The average Premier League manager will work in the top flight for less than two and a half years, coaching two different sides and winning only a third of his games.
A study of all 209 bosses in Premier League history, compiled by money-saving site Voucherbox, has delved into the statistics from all 24 seasons.
They discovered the average top flight manager has two jobs spanning 1165 days and will record a win ratio of 30%.
It means that former Man City and Nottingham Forest head coach Stuart Pearce, who registered 32 wins and 26 draws, leaving him with a win ratio of 30.77%, is officially the most 'average' Premier League manager ever.
The study also found that Harry Redknapp has suffered more Premier League defeats (238) followed by Sam Allardyce (181).
While almost 60% of managers only get the chance to take one Premier League job, Harry Redknapp is leading the way with the most jobs in top flight history with six.
Statistically, Terry Connor’s zero wins from 13 games as Wolves caretaker boss is the worst manager the Premier League has ever seen, although Remi Garde’s tenure at Villa sees him holding the worst record for anyone that has managed 20 games or more.

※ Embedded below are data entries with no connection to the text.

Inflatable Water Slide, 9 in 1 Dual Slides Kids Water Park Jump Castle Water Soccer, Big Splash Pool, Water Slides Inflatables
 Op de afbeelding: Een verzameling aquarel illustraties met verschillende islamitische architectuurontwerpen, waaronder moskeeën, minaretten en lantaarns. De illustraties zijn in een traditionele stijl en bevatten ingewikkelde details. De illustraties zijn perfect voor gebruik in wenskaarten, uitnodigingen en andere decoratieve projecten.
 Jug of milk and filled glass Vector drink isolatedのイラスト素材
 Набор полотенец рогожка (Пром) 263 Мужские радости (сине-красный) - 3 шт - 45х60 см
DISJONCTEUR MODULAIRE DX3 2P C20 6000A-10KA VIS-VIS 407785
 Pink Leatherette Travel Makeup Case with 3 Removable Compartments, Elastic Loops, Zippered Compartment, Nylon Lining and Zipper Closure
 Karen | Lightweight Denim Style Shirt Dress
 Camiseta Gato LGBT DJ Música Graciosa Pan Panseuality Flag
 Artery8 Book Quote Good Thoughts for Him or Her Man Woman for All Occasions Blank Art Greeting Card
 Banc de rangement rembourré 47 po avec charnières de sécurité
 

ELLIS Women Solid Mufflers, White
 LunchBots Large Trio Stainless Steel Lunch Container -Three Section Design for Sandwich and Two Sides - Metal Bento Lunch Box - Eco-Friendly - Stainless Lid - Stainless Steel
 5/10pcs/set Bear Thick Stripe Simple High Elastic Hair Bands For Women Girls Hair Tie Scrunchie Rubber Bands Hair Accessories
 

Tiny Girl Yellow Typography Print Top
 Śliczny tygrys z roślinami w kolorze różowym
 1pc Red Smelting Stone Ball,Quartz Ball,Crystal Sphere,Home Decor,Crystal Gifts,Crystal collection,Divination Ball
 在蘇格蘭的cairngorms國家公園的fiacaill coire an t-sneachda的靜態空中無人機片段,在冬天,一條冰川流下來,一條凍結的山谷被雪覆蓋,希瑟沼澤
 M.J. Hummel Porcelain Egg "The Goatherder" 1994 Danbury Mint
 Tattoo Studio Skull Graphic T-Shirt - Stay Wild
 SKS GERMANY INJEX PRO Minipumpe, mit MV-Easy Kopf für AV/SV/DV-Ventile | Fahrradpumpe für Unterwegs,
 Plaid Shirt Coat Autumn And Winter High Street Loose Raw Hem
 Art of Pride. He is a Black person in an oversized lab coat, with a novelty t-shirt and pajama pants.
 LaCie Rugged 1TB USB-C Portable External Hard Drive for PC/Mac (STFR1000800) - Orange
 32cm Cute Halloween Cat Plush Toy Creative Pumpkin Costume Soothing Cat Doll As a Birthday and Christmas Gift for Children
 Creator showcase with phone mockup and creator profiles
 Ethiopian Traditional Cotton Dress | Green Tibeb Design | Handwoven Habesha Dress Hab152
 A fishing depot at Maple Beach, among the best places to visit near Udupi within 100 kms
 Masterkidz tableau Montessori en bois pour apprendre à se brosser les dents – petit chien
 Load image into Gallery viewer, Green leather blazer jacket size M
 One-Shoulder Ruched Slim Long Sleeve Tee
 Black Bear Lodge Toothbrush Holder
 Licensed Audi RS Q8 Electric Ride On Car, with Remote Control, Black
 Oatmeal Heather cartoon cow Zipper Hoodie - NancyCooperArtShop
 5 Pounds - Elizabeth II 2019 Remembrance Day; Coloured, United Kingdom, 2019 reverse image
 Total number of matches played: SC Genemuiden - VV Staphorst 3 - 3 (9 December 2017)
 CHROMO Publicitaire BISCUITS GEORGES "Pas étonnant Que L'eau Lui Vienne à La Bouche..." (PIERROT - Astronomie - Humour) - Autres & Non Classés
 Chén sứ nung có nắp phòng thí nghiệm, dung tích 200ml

The Frenchman’s woeful return of 10% is closely followed by former Swindon manager John Gorman who won only five out of his 42 games in Swindon’s one and only Premier League season.
Only two Premier League managers in the study, that looked at all permanent and caretaker bosses, have a 100% record, with David Unsworth and Scott Marshall both coaching for one game each and winning their respective matches.
There are also four managers in the ‘zero’ club – Alex Inglethorpe, Graham Rix, David Kerslake and Kevin Bond were all named caretaker managers at their clubs but never took a game.
The study also showed that when it comes to silverware, there are three bosses that dominate, with the stats showing that Ferguson, Wenger and Jose Mourinho have won more major trophies (49) than every other Premier League Manager combined (48).